De l’Accord de la Saint-Sylvestre : « Effectivement nous comme garants de l’Accord de la Saint-Sylvestre qui a donné quand même un cadre, une voie de sortie au peuple congolais ; mais depuis sa mise en application, nous avions déjà eu en son temps à dénoncer des violations par rapport à cet Accord mais malgré ça la publication du calendrier électoral par la CENI donnait quand même espoir au peuple qu’on est entrain d’aller aux élections et conformément à la constitution et conformément à cet Accord. Seulement il y a des événements comme les évêques l’ont déjà dit lors de leur assemblée qui nous préoccupent énormément , particulièrement ce qui s’est passé à la fin de la semaine passée (Les évènements de Kasumbalesa autour de la rentrée avortée de Moïse Katumbi NDLR) ».
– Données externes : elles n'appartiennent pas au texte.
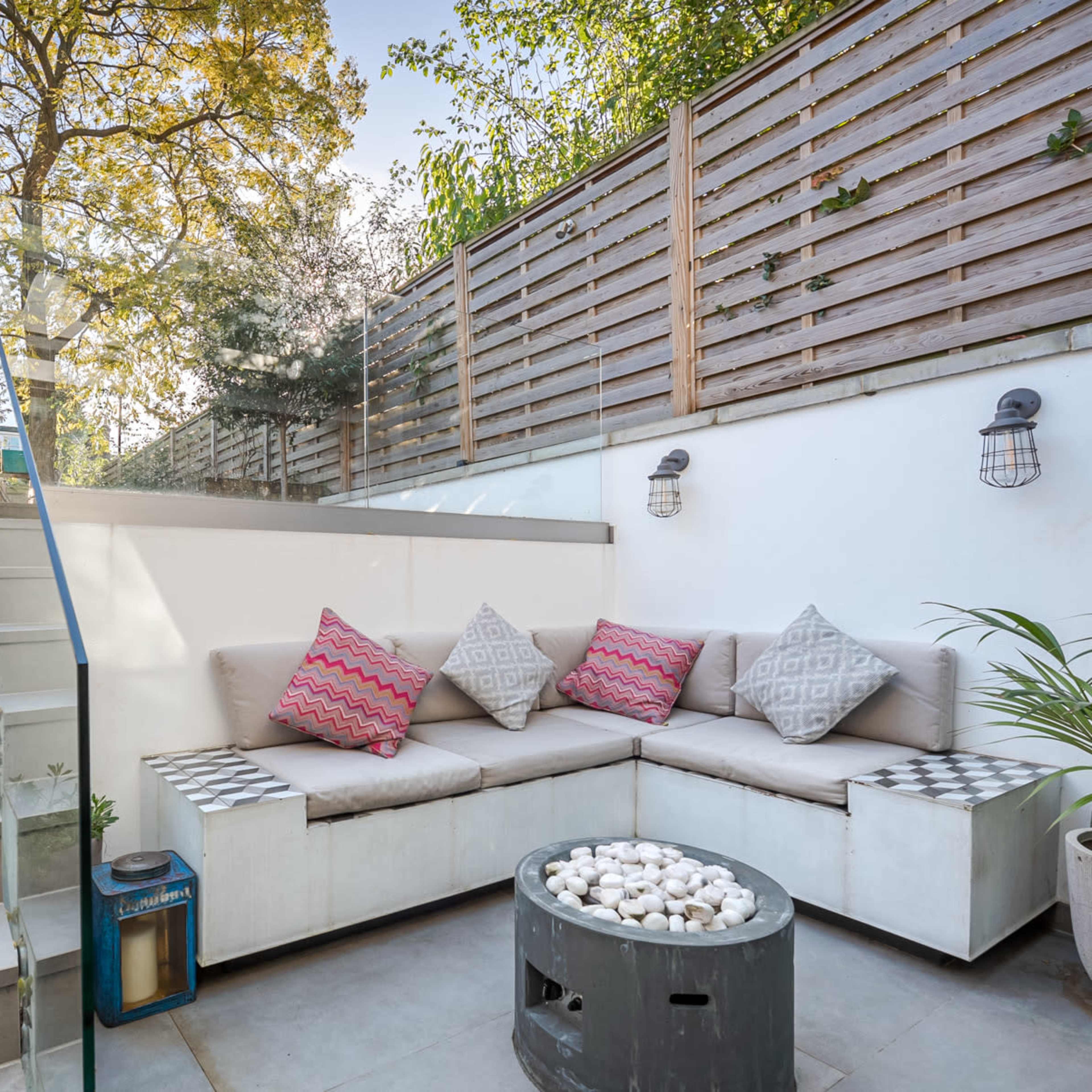 A modern outdoor seating area with a stairway, featuring a sectional sofa with decorative pillows, a coffee table, and plants.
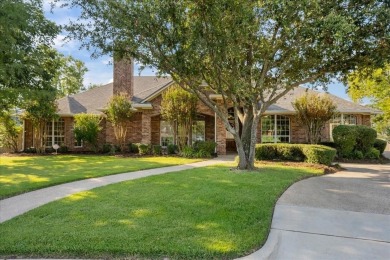Nestled in a serene location backing up to the Lake Waco Golf on The Lake Country Club - Lake Waco in Texas - for sale on GolfHomes.com, golf home, golf lot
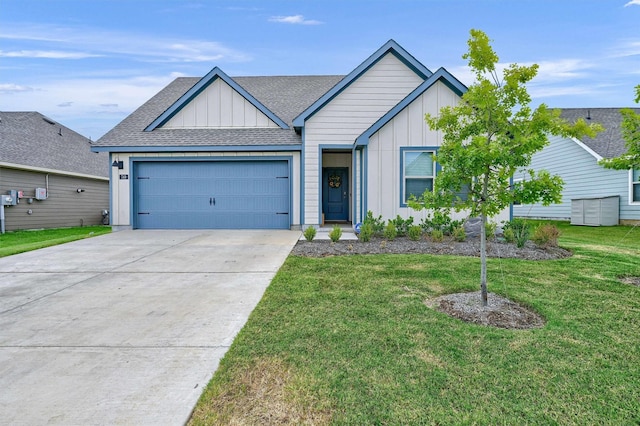 view of front of house featuring a garage and a front lawn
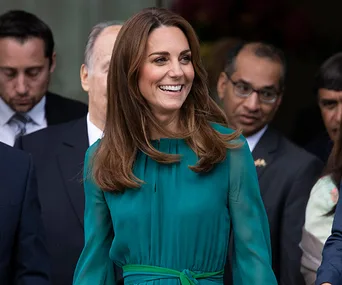 A woman in a green dress, smiling, surrounded by people at an event.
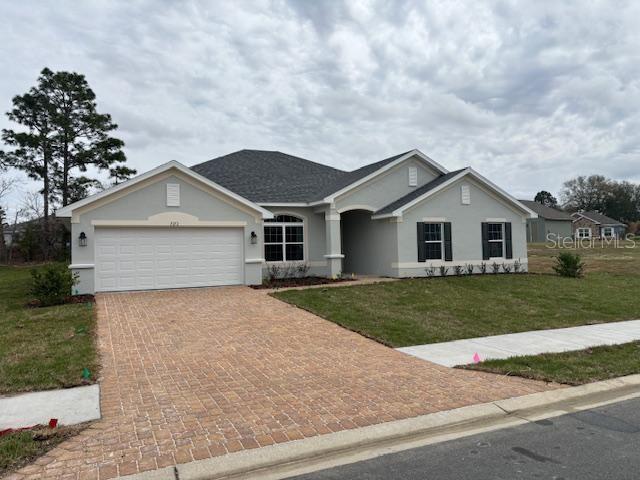 ranch-style house featuring a garage and a front lawn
Du sort inacceptable réservé à Moïse Katumbi : « Nous ne prenons pas position puisque cela a été un cas explicitement cité dans l’Accord de la Saint-Sylvestre. Vous savez aussi que ce cas avait été confié aux Evêques qui ont menés leur enquête et ils sont arrivés à une conclusion qui a été remise à qui de droit (le président Kabila NDLR). Pour que les élections soient vraiment des élections crédibles, elles doivent être aussi des élections inclusives où toutes les parties prenantes jouissent de l’égalité des chances. Or ce qui s’est passé là avec Moïse Katumbi c’est comme si on est entrain d’exclure un candidat avant même qu’il ne se mesure aux autres dans les urnes ».
Un traitement ségrégationniste : « Oui tout à fait, pour nous ce traitement c’est vraiment comme un traitement réservé à l’individu qui s’appelle Moïse Katumbi et là ça ne vas pas. S’il a commis des délits, mais qu’on le laisse rentrer au pays et qu’il soit jugé pour les délits qu’il a commis ; mais qu’on l’empêche d’entrée au pays alors qu’il est citoyen congolais au même titre comme tout le monde, il y a quelque chose qui ne va pas ».
Des élections biaisées et non apaisées. « C’est ça justement notre inquiétude, nous avons l’impression qu’on est entrain de biaiser les élections en sélectionnant d’avance les candidats qu’on veut bien qu’ils se présentent. Mais quelle est cette instance qui peut sélectionner les candidats si non le peuple lui-même, que les candidats se présentent devant le tribunal du peuple et le peuple va juger ; donc nous sommes très inquiets ».
Des exhortations des Evêques qui ressemblent depuis longtemps à un coup d’épée dans l’eau et que les politiciens ne vous écoutent jamais. « Malheureusement le constat est celui-là, ils ne nous écoutent pas mais la est là ; ce ne pas que le pays va mieux, peut-être qu’ils auraient intérêt à nous écouter davantage. Peut-être que les choses iraient mieux plutôt que ce que nous voyons aujourd’hui ».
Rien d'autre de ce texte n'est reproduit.